● **Source material**

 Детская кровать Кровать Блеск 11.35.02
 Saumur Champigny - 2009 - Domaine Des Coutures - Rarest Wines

---

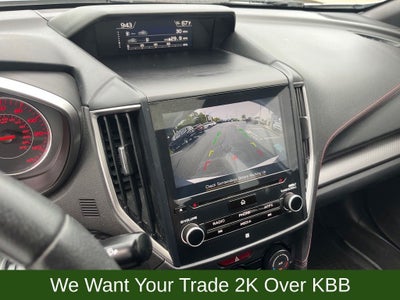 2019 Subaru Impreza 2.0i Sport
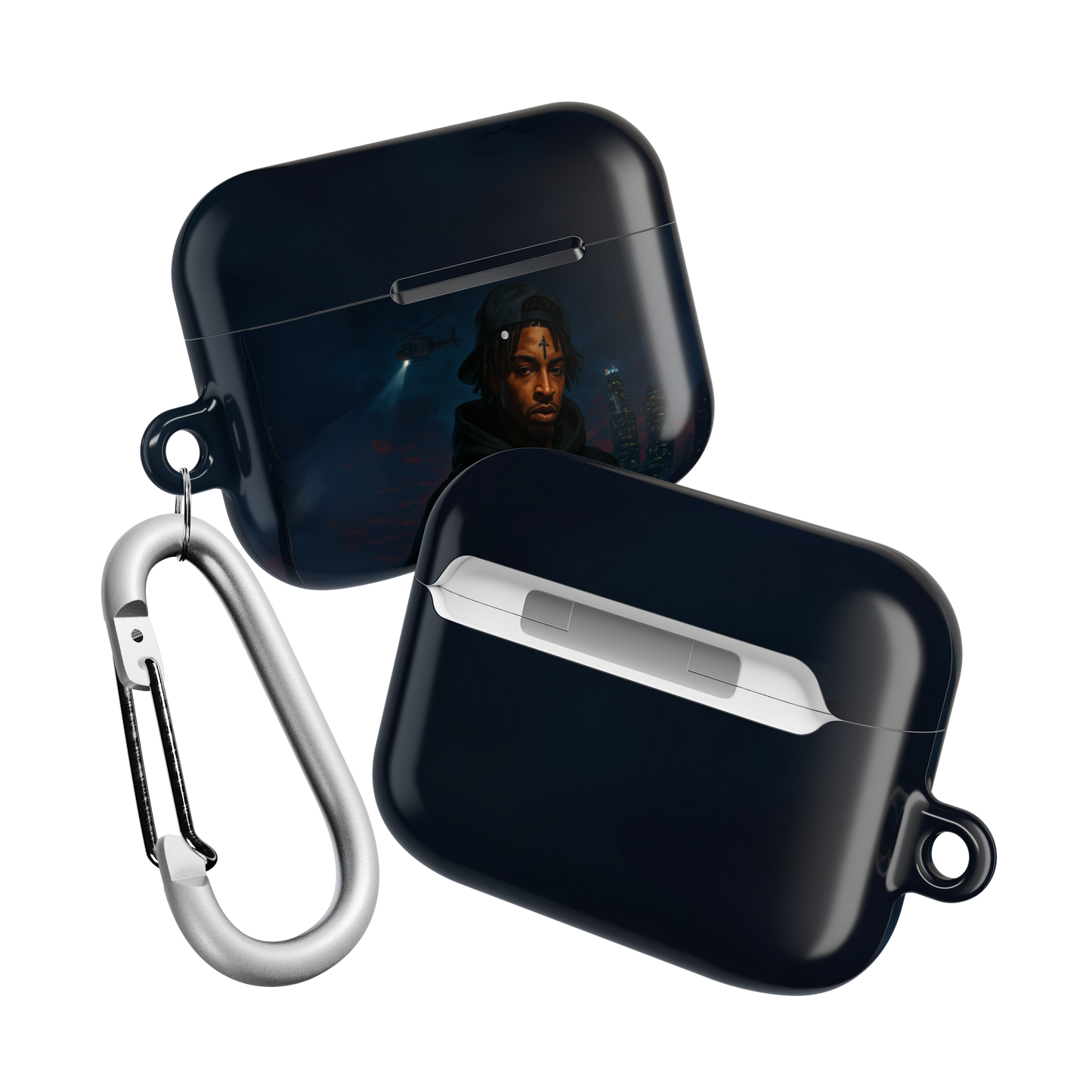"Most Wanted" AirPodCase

...

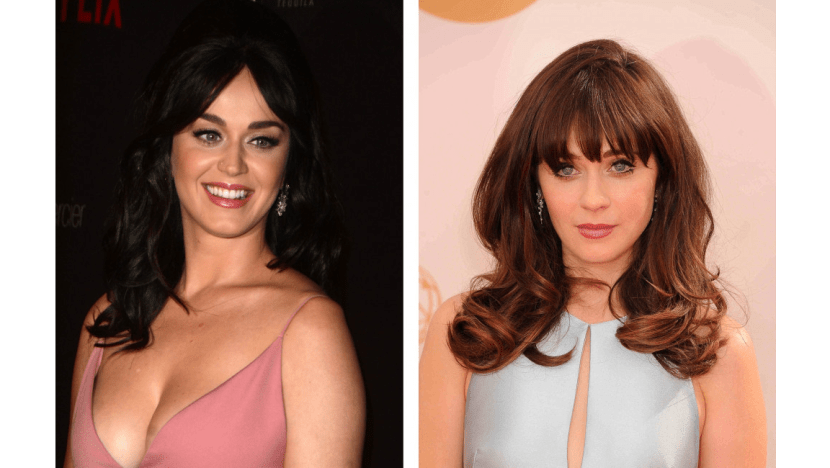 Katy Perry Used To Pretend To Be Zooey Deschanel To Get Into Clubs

● **Task brief**
Above are the lines; repeat exactly the ones from the line containing "Детская кровать Кровать Блеск 11.35.02" down to the line containing "Saumur Champigny - 2009", both inclusive.

● **Written reply**
 Детская кровать Кровать Блеск 11.35.02
 Saumur Champigny - 2009 - Domaine Des Coutures - Rarest Wines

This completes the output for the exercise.